Poor legal advice invalidates Binding Financial Agreement

30-July-2012 Family Law By Simone Green

For a Binding Financial Agreement to be valid, or binding, certain conditions must be considered. Section 90G(1)(b) requires that each party be provided with independent legal advice from a qualified practitioner about the effect of the agreement, the rights of that party and the advantages and disadvantages to that party of making the agreement.

The court’s decision in Hoult [2011] FamCA 1023 provides an example of why a financial agreement may be declared not binding.

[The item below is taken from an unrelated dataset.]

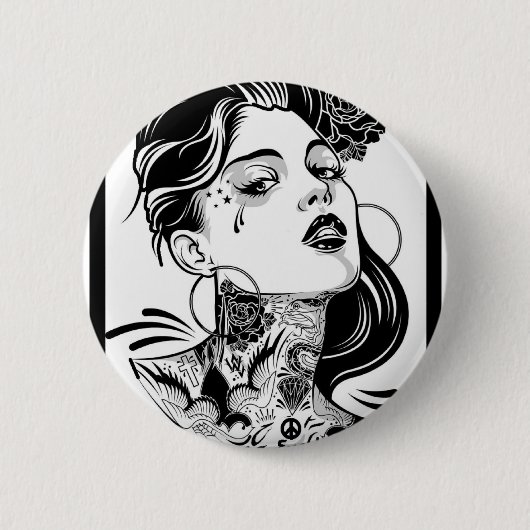 ZE GAAT OVER RONDE BUTTON 5,7 CM (Voorkant)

In Hoult the wife alleged that she was not able to fully comprehend what was being read to her. Further her solicitor did not explain the law relating to the agreement. Nor did he ask her any questions about the history of her marriage, speak to her about her rights, or outline the advantages or disadvantages arising from the agreement.

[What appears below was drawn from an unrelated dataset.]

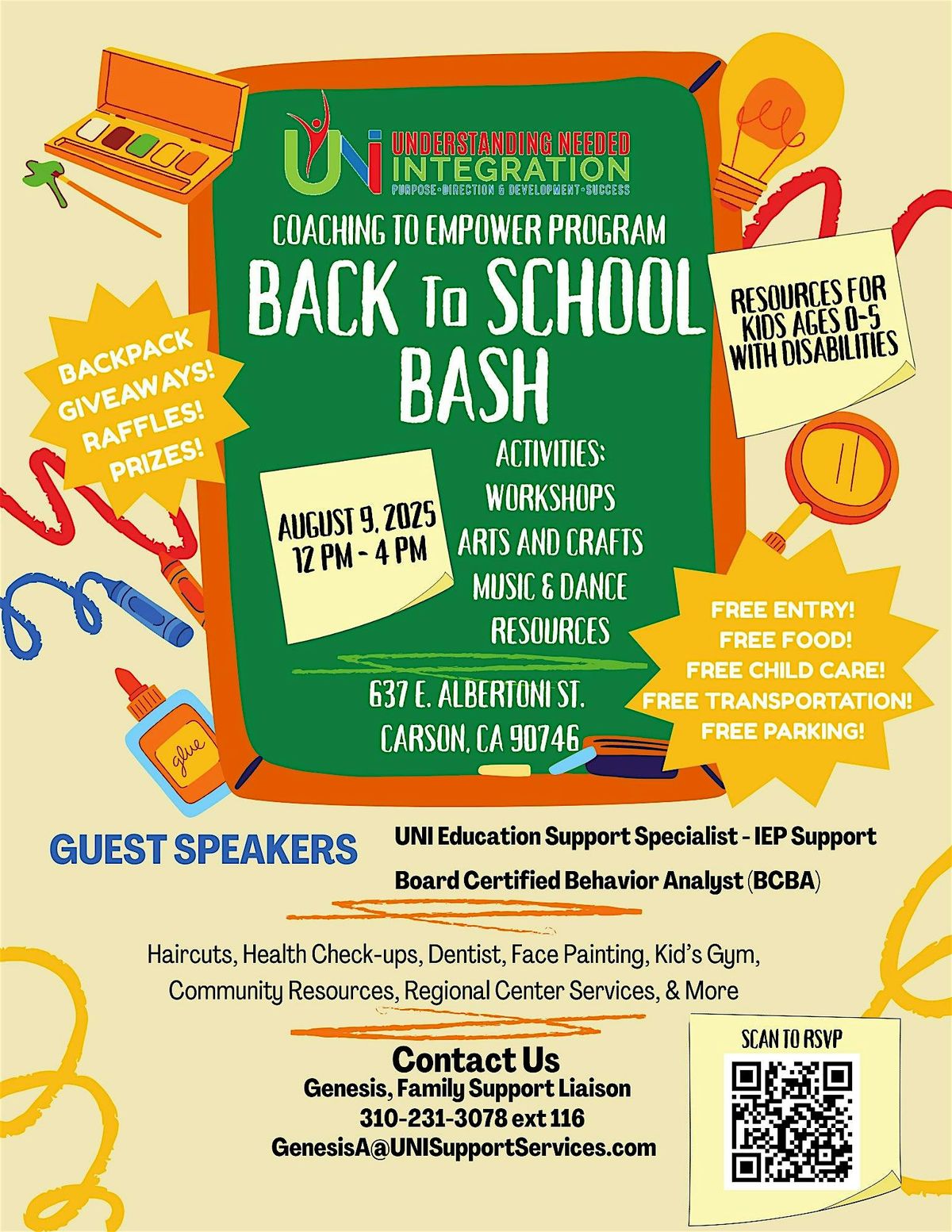 Coaching to Empower Program Back to School Bash - Vendor Registration, 9 August | Event in Carson | AllEvents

The evidence of the solicitor was not sufficient to demonstrate that independent legal advice had actually been given to the wife about the advantages and disadvantages of the agreement. The solicitor’s evidence was held to be unsatisfactory. This was particularly because the client’s file contained no diary notes, statements, correspondence or anything else in writing to which reference could be made in respect of the advice given to the wife. In this regard Murphy J commented that it is prudent for solicitors to make “comprehensive diary notes or other memoranda” to assist recall or as evidence. Accordingly it was held that the agreement was not binding on the parties.